## Exercise brief
Write out every entry word for word.

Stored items
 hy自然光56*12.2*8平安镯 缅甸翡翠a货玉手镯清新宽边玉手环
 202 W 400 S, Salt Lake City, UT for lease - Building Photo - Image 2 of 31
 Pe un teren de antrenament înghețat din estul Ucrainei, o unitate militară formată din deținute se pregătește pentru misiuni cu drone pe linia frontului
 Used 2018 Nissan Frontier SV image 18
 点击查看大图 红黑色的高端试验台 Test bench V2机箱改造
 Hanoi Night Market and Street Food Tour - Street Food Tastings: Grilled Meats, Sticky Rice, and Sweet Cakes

## Answer to the problem
 hy自然光56*12.2*8平安镯 缅甸翡翠a货玉手镯清新宽边玉手环
 202 W 400 S, Salt Lake City, UT for lease - Building Photo - Image 2 of 31
 Pe un teren de antrenament înghețat din estul Ucrainei, o unitate militară formată din deținute se pregătește pentru misiuni cu drone pe linia frontului
 Used 2018 Nissan Frontier SV image 18
 点击查看大图 红黑色的高端试验台 Test bench V2机箱改造
 Hanoi Night Market and Street Food Tour - Street Food Tastings: Grilled Meats, Sticky Rice, and Sweet Cakes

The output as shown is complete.